Billy Devine is chairman of Ballysaggart which has produced the Bennetts, Shane and Stephen, both of whom are expected to see action against Kilkenny this afternoon. Last year, a third brother, Kieran, was full back on the county under 21 team. Their father Pat hurled for the county in the 1980s but Ballysaggart does not have a tradition of producing major county players and is only a few years out of junior ranks.

“It’s difficult for rural clubs,” says Devine. “They’ve suffered from emigration and financial hardship, so it is very significant for the small clubs to see this happening. It means you can keep a club going in rural Ireland. You are now recognised at whatever level you are at. Before you were only recognised if you were one of the top senior clubs.

“And these are guys of calibre, it is great to see it happening. It gives great life to an area, to a club. We claim we are the smallest club in Waterford. We have only, I think, 85 houses, 280 people in total. We are very fortunate to have the Bennetts.”

All around this part of west Waterford there is a new vibrancy. Colligan, a junior club founded in 1928, is where you’d find Colin Dunford swearing allegiance. Kevin Casey is their club secretary. He describes the club as small, rural and dual, located about seven miles from Dungarvan. They have enjoyed brief spells in senior hurling and football but suffered badly from emigration. Jimmy Beresford played with the county hurling team in the 1980s and they had Kevin McGrath and Michael Dunford on the Waterford under 21 panel that won the 1992 All-Ireland. But Colligan hurlers wearing county jerseys is not something they take for granted.  

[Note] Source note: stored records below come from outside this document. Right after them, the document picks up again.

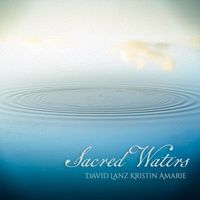 Kristin Amarie & David Lanz - Sacred Waters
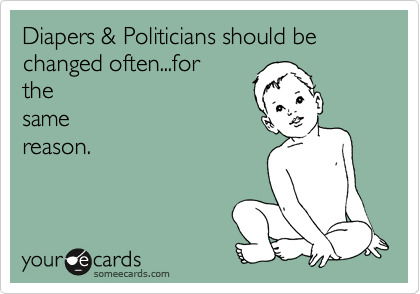 Diapers & Politicians should be changed often...for
the
same
reason.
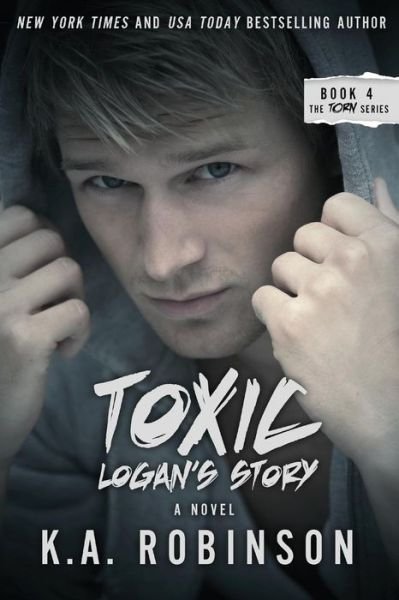 K.a. Robinson · Toxic: Logan's Story: Torn #4 (Volume 4) (Paperback Book) (2014)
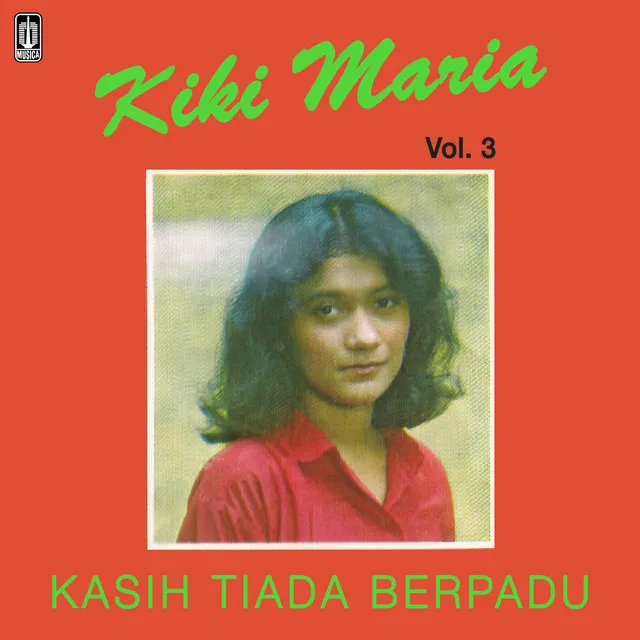 Vol III: Kasih Tiada Berpadu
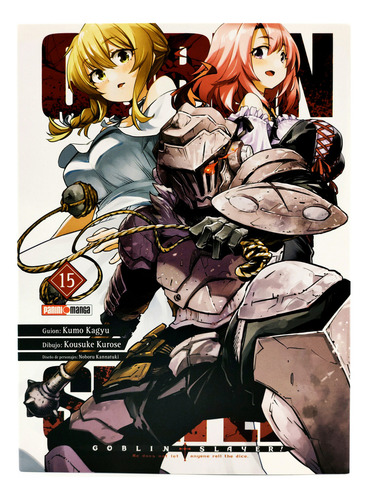 Goblin Slayer N. 15: He Does Not Let Anyone Roll The Dice, De Kumo, Kagyu. Goblin Slayer, Vol. 15. Editorial Panini Manga, Tapa Blanda, Edición 1 En Español, 2024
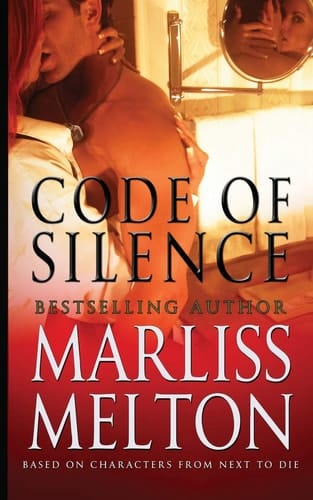 Code of Silence A Novella Based on Characters from Next to Die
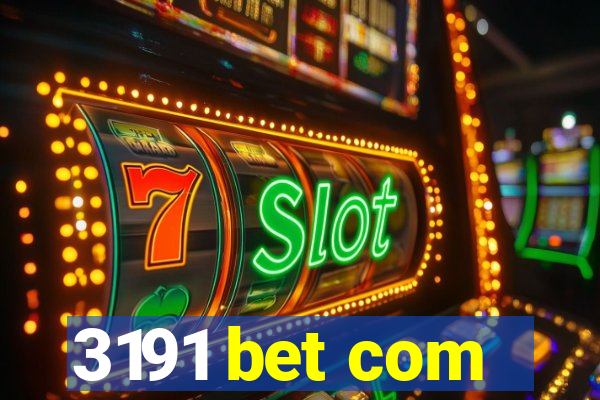 3191 bet com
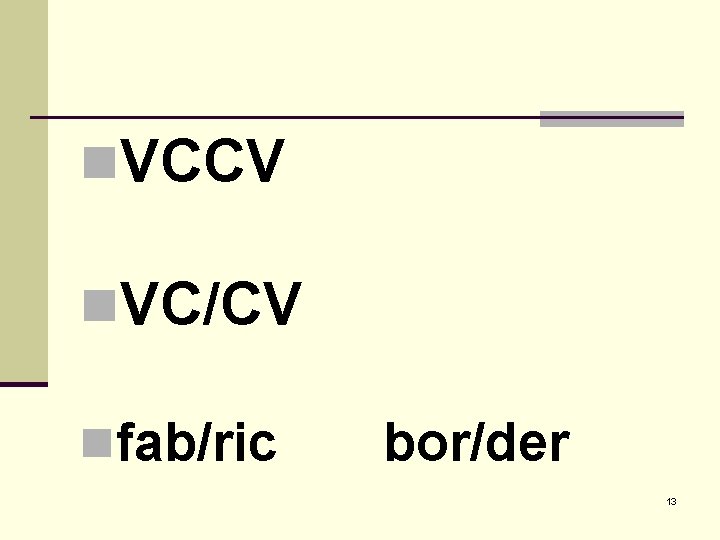 n. VCCV n. VC/CV nfab/ric bor/der 13 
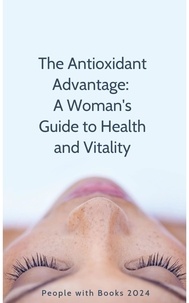  People with Books - The Antioxidant Advantage:  A Woman's Guide to Health and Vitality.
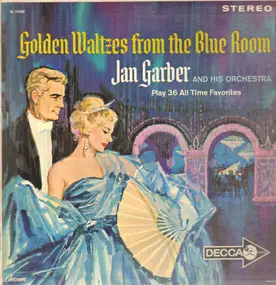 Jan Garber - Golden Waltzes From The Blue Room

In recent years they have lost a number of western junior hurling finals, including defeats by local teams Modeligo and Ballysaggart when those clubs later went on to land county and provincial titles. But junior status doesn’t preclude anyone from consideration if they’re good enough and Waterford has seen clubs rise and make merry. Ardmore won successive promotion from junior to senior hurling in the early years of the last decade. Others are now showing the same ambition and the western intermediate championships is regarded as one of the most fiercely contested competitions in the county.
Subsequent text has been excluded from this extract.